『ジョージ・ポットマンの平成史』の「女装史」を見て以来、私の中では大きな発見があった。
それによれば女装は古来霊的なものを身にまとう神聖な行為とされおり、近代に入るまで女装に現代のようなマイナスなイメージはついていなかったのだという。だが欧米化と近代化の中で諸外国の目を気にした政府によって、女装は一時犯罪として明文化された。その後反対が大きく再び合法となるものの一度ついたイメージはぬぐえず、現代でもせいぜいおねえキャラか芸人のギャグくらいでしか一般社会では認められていないのである。
一方で『平成史』で紹介されたように古事記の熊襲討伐など、女装して普段とは違う力を得たり、各地の祭りで男性が化粧をしたりする風習は残っている。また歌舞伎の女形のように、伝統文化の中でその系譜が受け継がれてきたものもあるだろう。逆に宝塚のように女性が男装する例もある。そもそもなぜ異性の格好をすることが大きな文化として根付いているのだろうか。

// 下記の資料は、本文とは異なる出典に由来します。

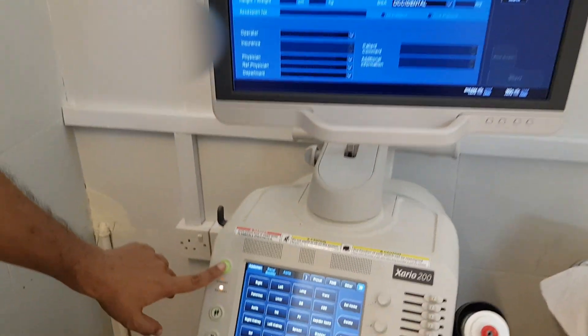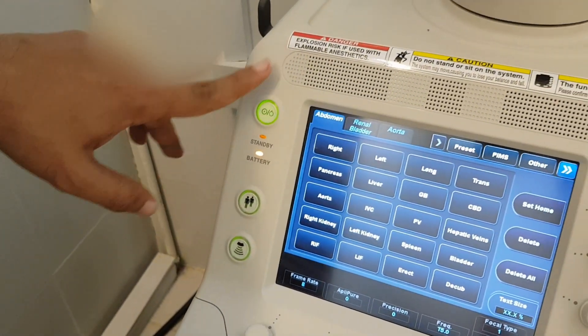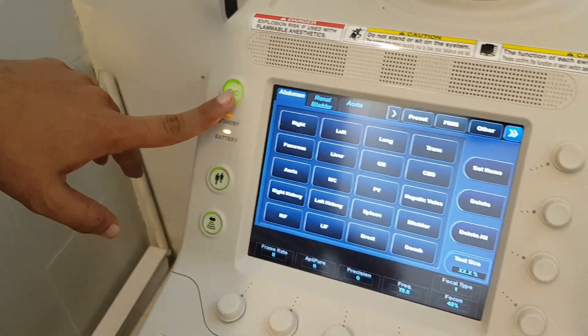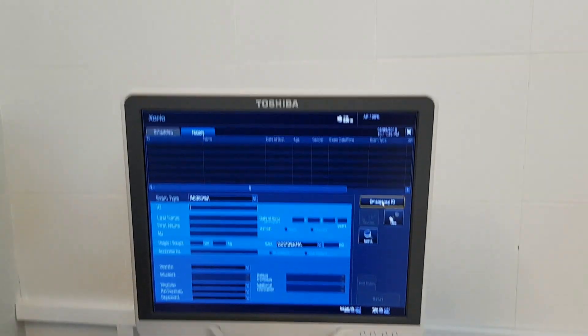This is the on-off switch. When we press it, the machine is already on, but when we press it, as the Windows loads, the software will load.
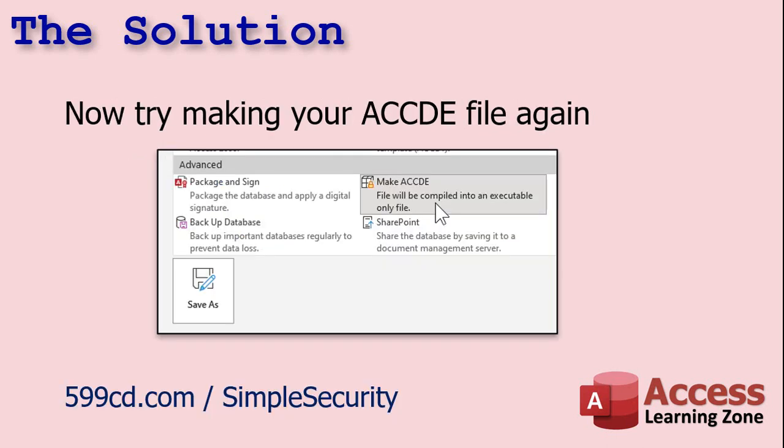Now, go use your database, or if you're trying to create an encrypted front-end, create your ACCDE file again now. Now, if you don't know what this is, I have a video on it called my Simple Security Video, where I show you how to create an encrypted executable-only file that you can distribute to your users. If you can do this, if this step completes successfully, chances are your VBA is fine.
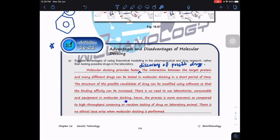There is no need to use laboratory consumables and equipment in molecular docking, making the process more economical compared to high-throughput screening or random testing on animal models. Also, there is no ethical issue when molecular docking is performed — no animal cruelty. By using molecular docking, we can reduce the number of animals used. We can shortlist 10 candidates and only test those on animals, rather than blindly trying everything.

例えば趣味で女装する人の場合、その人は女性への憧れだけで女装しているのだろうか?もちろんその部分も大きいだろう。しかし逆にそれは自らの性に対する「コレジャナイ感」、違和感があるように思う。更に突き詰めればジェンダー(社会的な性、男らしさ、女らしさ)に対する違和感だろう。
おそらくだが彼ら、彼女らは自分のセックス(生物的な性)に違和感を感じる人は少ない(性同一性障害の方を除いて)のではないだろうか。社会が自分に押し付けてくるもの、要求するものが何か違うと感じ、ある意味「変身」した後の自分にこそ本当の姿があると感じられるのかもしれない。
変身というと現代だとコスプレは正にその典型のように思う。彼らはただ単にアニメのキャラなどに変身できればいいわけではなく、それを通して自分のキャラ(普段隠している本来の自分のもの)を表現しているのではないだろうか。
以前プリキュアのキャラのレイヤーのまこぴーさんの活動を拝見して、これは自己実現として最強なんじゃないかと感じた。ある意味普段の自分から完全に離れた存在に、正に「変身」しているのだ。そしてそれが多くの人に支持されているのも、実は多くの人が心の底で「性や普段の自分に囚われない姿になりたい」と感じているのではないか、と思わずにはいられなかった。
『平成史』の中でもここ最近の男の娘ブームなどが紹介されていたが、BLなども含めて近年は性差やそれに対するタブー視が薄れてきているように感じる。だがそもそも、それらを完全に分離しようなどという考えこそがおかしかったとは考えられないだろうか。
確かに男女に能力的な向き不向きはあるだろう(男性には空間把握能力、女性には色の識別能力といったように)し、それぞれの性にしかできないこと、表現できないものはあるだろう。
ただそれとは関係のない、社会の発展の中で形作られてきたジェンダー(男らしさ、女らしさ)に関しては、自由に取り外せることが前提となっていなければ私たちを束縛しかねないと思う。
今後の社会がどうなっていくのか、私は少し楽観的ではあるが希望は持っている。